In 2015 Kazakhstan, in order to save its foreign reserves, abandoned currency peg and let the Tenge float freely which resulted in a significant devaluation. The Kyrgyz currency has also been significantly devalued.
Tajikistan and Turkmenistan devalued their currencies in 2015 too but continue to operate pegs at lower levels. However, these countries were forced to limit foreign exchange operations, banning bureaux de change outside bank branches (the former had, before the ban, by far outnumbered the latter in both countries, where banknote cash was king). As a result, unofficial exchange offices appeared and a currency black market now flourishes in both countries.
To date, no changes in Uzbekistan’s FX policy have been officially introduced. The country’s central bank continues to use an exchange rate for local currency which clearly does not reflect the market situation.
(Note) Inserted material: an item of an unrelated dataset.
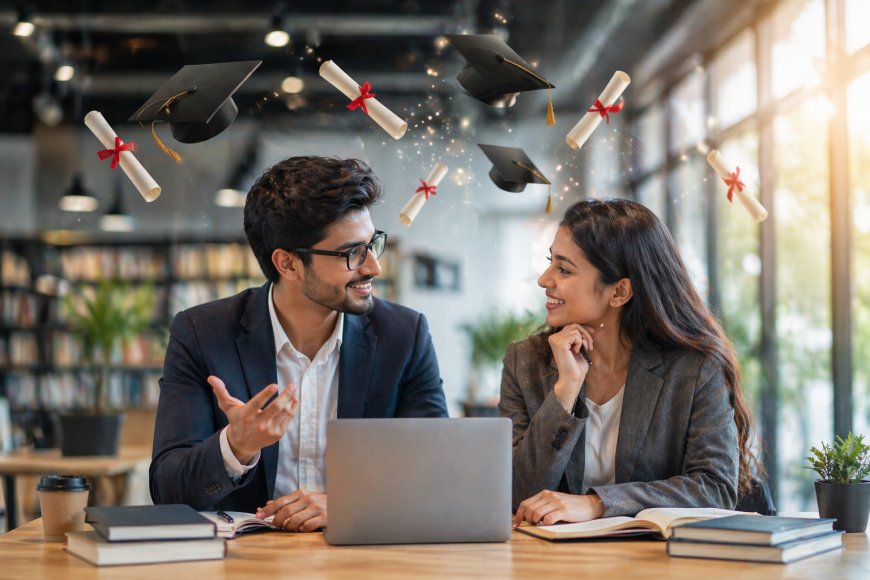 Choosing the Right Academic Support for Postgraduate Success in the UK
The exchange rate for the Uzbek currency on the local black market was in a downward spiral throughout 2015.
So far, the devaluation, and ensuing rise in inflation, have not resulted in political crises in any of the Central Asian countries. None of the governments, except Kazakhstan’s, have announced any significant economic reforms.
The government of Kazakhstan, where living standards are significantly higher than in its southern neighbours, is genuinely concerned about the general economic situation and its ability to fulfil its social obligations. Last year it announced a major privatisation programme for 2016. The government plans to sell stakes in almost all major national companies, including KazMunayGas, the largest oil and gas company, and Kazakhstan Temir Zholy, the railway operator.
The Kazakh privatisation programme, as well as the upcoming parliamentary elections, will form two major points of interest in 2016 in the entire region. However, the unresolved issue of political succession in Kazakhstan (where Nursultan Nazarbayev will turn 76 years old this year) and Uzbekistan (where Islam Karimov will be 78) might lead to sudden destabilisation.